## GIVEN INFORMATION
========================================================================

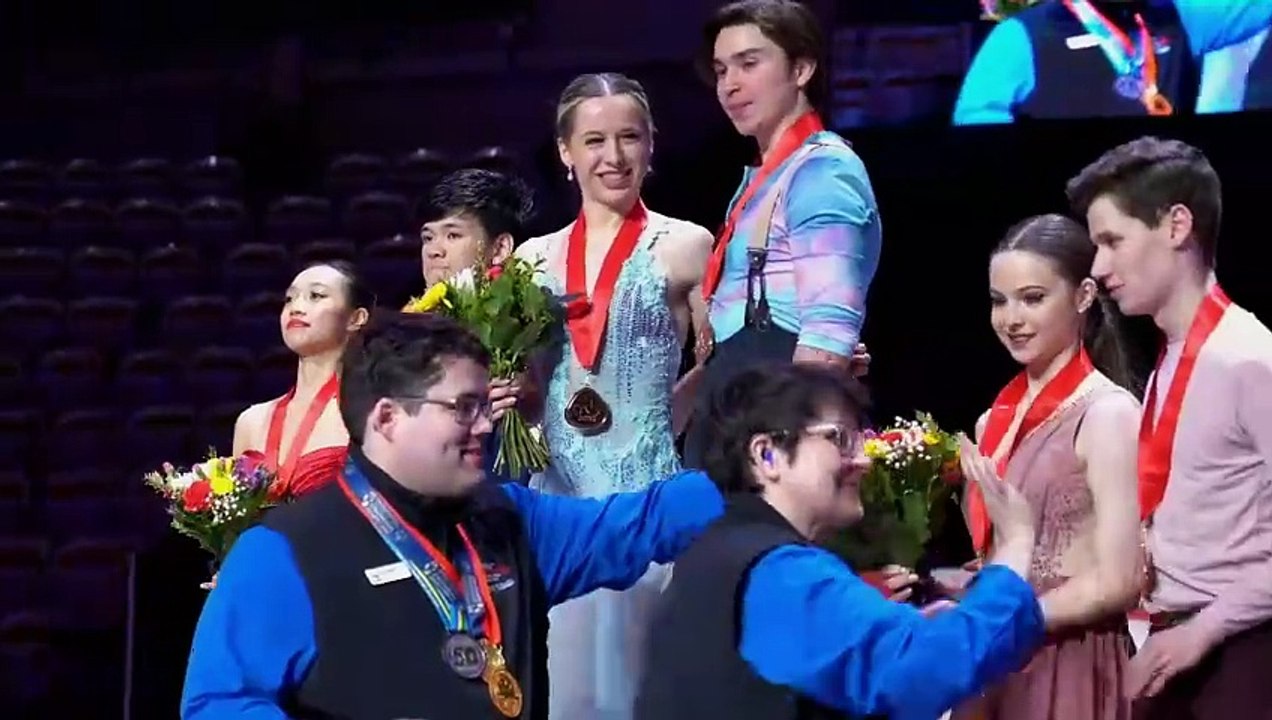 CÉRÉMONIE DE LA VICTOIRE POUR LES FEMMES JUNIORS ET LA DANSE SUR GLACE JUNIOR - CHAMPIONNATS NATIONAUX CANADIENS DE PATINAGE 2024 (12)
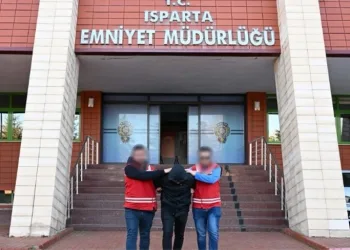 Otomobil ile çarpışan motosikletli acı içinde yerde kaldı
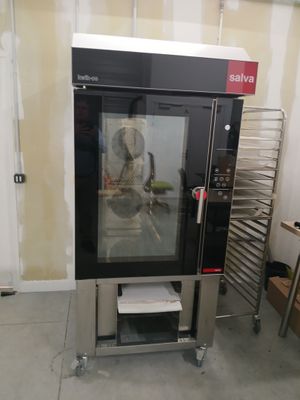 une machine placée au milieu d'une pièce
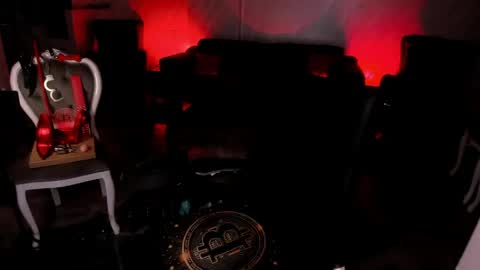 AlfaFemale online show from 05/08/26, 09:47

========================================================================

## TASK OBJECTIVE
Only the lines from the one with "Otomobil ile çarpışan" to the end of the listing, both ends included, should be retyped exactly; no pictures belong in the copy.

## RESPONSE AREA
 Otomobil ile çarpışan motosikletli acı içinde yerde kaldı
 une machine placée au milieu d'une pièce
 AlfaFemale online show from 05/08/26, 09:47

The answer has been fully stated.